This is a straightforward implementation. And for calls to GetContentsAsync that can’t be satisfied from the cache, the overhead of constructing a new Task<string> to represent this download will be negligible when compared to the network-related costs. However, for cases where the contents may be satisfied from the cache, it could represent a non-negligible cost, an object allocation simply to wrap and hand back already available data.

To avoid that cost (if doing so is required to meet your performance goals), you could rewrite this method as shown in Figure 3. We now have two methods: a synchronous public method, and an asynchronous private method to which the public method delegates. The dictionary is now caching the generated tasks rather than their contents, so future attempts to download a page that’s already been successfully downloaded can be satisfied with a simple dictionary access to return an already existing task. Internally, we also take advantage of the ContinueWith methods on Task that allow us to store the task into the dictionary once the Task has completed—but only if the download succeeded. Of course, this code is more complicated and requires more thought to write and maintain, so as with any performance optimizations, avoid spending time making them until performance testing proves that the complications make an impactful and necessary difference. Whether such optimizations make a difference really depends on usage scenarios. You’ll want to come up with a suite of tests that represent common usage patterns, and use analysis of those tests to determine whether these complications improve your code’s performance in a meaningful way.
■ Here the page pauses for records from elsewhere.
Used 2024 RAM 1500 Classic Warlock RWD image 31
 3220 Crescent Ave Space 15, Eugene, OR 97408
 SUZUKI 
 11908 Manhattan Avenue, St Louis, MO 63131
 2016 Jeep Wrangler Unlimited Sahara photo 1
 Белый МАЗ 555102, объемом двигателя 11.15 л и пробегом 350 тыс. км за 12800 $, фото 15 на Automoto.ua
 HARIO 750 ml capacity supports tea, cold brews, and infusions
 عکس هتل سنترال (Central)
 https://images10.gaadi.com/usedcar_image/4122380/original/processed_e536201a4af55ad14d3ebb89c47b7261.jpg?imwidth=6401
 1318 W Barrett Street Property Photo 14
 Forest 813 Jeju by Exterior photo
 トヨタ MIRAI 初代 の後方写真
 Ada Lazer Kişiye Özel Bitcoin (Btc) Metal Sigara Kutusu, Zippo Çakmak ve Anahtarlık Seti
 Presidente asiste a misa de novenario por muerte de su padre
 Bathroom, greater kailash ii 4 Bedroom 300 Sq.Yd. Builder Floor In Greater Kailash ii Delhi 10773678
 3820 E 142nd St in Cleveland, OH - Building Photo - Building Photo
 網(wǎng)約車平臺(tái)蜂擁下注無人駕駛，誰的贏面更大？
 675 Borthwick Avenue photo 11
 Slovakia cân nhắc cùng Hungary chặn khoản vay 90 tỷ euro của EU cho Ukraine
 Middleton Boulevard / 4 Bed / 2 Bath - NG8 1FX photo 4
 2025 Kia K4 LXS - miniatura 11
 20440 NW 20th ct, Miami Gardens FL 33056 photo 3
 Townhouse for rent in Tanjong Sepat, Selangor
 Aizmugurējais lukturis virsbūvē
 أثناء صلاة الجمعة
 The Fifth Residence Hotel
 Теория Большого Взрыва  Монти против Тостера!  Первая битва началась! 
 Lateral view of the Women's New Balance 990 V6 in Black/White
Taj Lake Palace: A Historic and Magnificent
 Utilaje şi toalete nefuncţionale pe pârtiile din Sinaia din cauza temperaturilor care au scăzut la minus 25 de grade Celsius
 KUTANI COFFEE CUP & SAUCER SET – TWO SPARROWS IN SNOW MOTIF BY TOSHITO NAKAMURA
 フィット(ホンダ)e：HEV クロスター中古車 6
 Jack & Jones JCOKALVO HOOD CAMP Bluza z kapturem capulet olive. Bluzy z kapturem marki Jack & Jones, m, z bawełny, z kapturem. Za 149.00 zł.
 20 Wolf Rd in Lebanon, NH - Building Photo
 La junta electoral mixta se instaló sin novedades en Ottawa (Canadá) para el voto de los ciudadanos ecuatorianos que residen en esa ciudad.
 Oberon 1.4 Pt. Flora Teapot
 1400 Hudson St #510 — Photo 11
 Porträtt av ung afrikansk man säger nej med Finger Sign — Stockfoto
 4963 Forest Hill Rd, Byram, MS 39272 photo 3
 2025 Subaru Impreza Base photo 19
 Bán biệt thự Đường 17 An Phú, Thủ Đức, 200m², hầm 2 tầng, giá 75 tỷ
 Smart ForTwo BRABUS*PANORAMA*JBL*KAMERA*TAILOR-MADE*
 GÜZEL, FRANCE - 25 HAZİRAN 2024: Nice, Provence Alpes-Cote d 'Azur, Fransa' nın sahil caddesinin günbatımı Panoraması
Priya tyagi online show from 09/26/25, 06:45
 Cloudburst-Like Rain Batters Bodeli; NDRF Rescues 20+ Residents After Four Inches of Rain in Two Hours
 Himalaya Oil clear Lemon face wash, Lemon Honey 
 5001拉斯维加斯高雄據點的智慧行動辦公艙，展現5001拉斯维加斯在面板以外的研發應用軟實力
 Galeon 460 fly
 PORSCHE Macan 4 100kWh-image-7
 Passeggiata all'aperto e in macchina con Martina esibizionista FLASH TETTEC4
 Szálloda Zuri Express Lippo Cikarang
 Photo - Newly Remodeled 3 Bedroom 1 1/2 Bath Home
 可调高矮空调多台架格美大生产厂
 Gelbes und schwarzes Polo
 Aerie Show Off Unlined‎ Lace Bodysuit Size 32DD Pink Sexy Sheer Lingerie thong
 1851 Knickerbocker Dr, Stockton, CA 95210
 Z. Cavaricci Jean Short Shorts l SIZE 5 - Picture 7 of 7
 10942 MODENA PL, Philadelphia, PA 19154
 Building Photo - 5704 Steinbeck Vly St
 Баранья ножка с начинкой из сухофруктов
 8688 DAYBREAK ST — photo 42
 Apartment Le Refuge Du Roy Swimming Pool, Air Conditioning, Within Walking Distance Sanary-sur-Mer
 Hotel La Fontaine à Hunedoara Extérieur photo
Figure 3 Manually Caching Tasks

private static ConcurrentDictionary<string,Task<string>> s_urlToContents;
 
public static Task<string> GetContentsAsync(string url) {
  Task<string> contents;
  if (!s_urlToContents.TryGetValue(url, out contents)) {
      contents = GetContentsInternalAsync(url);
      contents.ContinueWith(delegate {
        s_urlToContents.TryAdd(url, contents);
      }, CancellationToken.None,
        TaskContinuationOptions.OnlyOnRanToCompletion |
         TaskContinuatOptions.ExecuteSynchronously,
        TaskScheduler.Default);
  }
  return contents;
}
 
private static async Task<string> GetContentsInternalAsync(string url) {
  var response = await new HttpClient().GetAsync(url);
  return response.EnsureSuccessStatusCode().Content.ReadAsString();
}

Another task-related optimization to consider is whether you even need the returned Task from an asynchronous method. C# and Visual Basic both support the creation of asynchronous methods that return void, in which case no Task is allocated for the method, ever. Asynchronous methods exposed publicly from libraries should always be written to return a Task or Task<TResult>, because you as a library developer don’t know whether the consumer desires to wait on the completion of that method. However, for certain internal usage scenarios, void-returning asynchronous methods can have their place. The primary reason void-returning asynchronous methods exist is to support existing event-driven environments, like ASP.NET and Windows Presentation Foundation (WPF). They make it easy to implement button handlers, page-load events and the like through the use of async and await. If you do consider using an async void method, be very careful around exception handling: exceptions that escape an async void method bubble out into whatever SynchronizationContext was current at the time the async void method was invoked.

Care About Context

There are many kinds of “context” in the .NET Framework: LogicalCallContext, SynchronizationContext, HostExecutionContext, SecurityContext, ExecutionContext and more (from the sheer number you might expect that the developers of the Framework are monetarily incentivized to introduce new contexts, but I assure you we’re not). Some of these contexts are very relevant to asynchronous methods, not only in functionality, but also in their impact on asynchronous method performance. 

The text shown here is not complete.